Composing Constraints for Complex Signal Requirements

This example demonstrates how to combine multiple constraints in Kaira to satisfy complex signal requirements. We’ll explore the composition utilities and see how constraints can be sequentially applied to meet practical transmission specifications.

Imports and Setup

We start by importing the necessary modules and setting up the environment.

import matplotlib.pyplot as plt
import numpy as np
import torch

from kaira.constraints import (
    PAPRConstraint,
    PeakAmplitudeConstraint,
    SpectralMaskConstraint,
    TotalPowerConstraint,
)
from kaira.constraints.utils import (
    apply_constraint_chain,
    combine_constraints,
    create_ofdm_constraints,
    measure_signal_properties,
)
from kaira.utils.plotting import PlottingUtils

# Set random seed for reproducibility
torch.manual_seed(42)
np.random.seed(42)

# Configure plotting style
PlottingUtils.setup_plotting_style()

Creating a Test Signal with Challenging Properties

Let’s create a test signal that would typically need multiple constraints. OFDM signals are known for having high PAPR and hence make a good example.

# Number of subcarriers for our simple OFDM signal
n_subcarriers = 64
n_symbols = 10
sample_rate = 10  # samples per symbol

# Create random frequency-domain OFDM symbols
X_freq = torch.complex(torch.randn(1, n_symbols, n_subcarriers), torch.randn(1, n_symbols, n_subcarriers))

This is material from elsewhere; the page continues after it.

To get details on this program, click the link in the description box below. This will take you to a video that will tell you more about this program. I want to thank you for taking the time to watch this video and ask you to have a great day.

# Convert to time domain with IFFT
X_time = torch.fft.ifft(X_freq, dim=2)

# Reshape to a continuous signal
signal = X_time.reshape(1, -1)
signal = torch.cat((signal.real, signal.imag), dim=0)  # Separate real and imaginary parts

# Display properties of the original signal
original_props = measure_signal_properties(signal)

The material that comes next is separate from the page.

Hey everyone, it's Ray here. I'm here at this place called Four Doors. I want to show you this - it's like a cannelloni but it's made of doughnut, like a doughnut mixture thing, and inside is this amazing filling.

# Original Signal Properties:
# - Shape: signal.shape
# - Power: original_props['mean_power']
# - PAPR: original_props['papr'] (original_props['papr_db'] dB)
# - Peak Amplitude: original_props['peak_amplitude']
print("Original Signal Properties:")
print(f"  Shape: {signal.shape}")
print(f"  Power: {original_props['mean_power']:.4f}")
print(f"  PAPR: {original_props['papr']:.2f} ({original_props['papr_db']:.2f} dB)")
print(f"  Peak Amplitude: {original_props['peak_amplitude']:.4f}")

Original Signal Properties:
  Shape: torch.Size([2, 640])
  Power: 0.0158
  PAPR: 11.12 (10.46 dB)
  Peak Amplitude: 0.4192

Manual Constraint Composition

First, let’s manually combine constraints to see how the composition works.

# Define individual constraints
power_constraint = TotalPowerConstraint(total_power=1.0)
papr_constraint = PAPRConstraint(max_papr=4.0)  # ~6 dB
amplitude_constraint = PeakAmplitudeConstraint(max_amplitude=1.5)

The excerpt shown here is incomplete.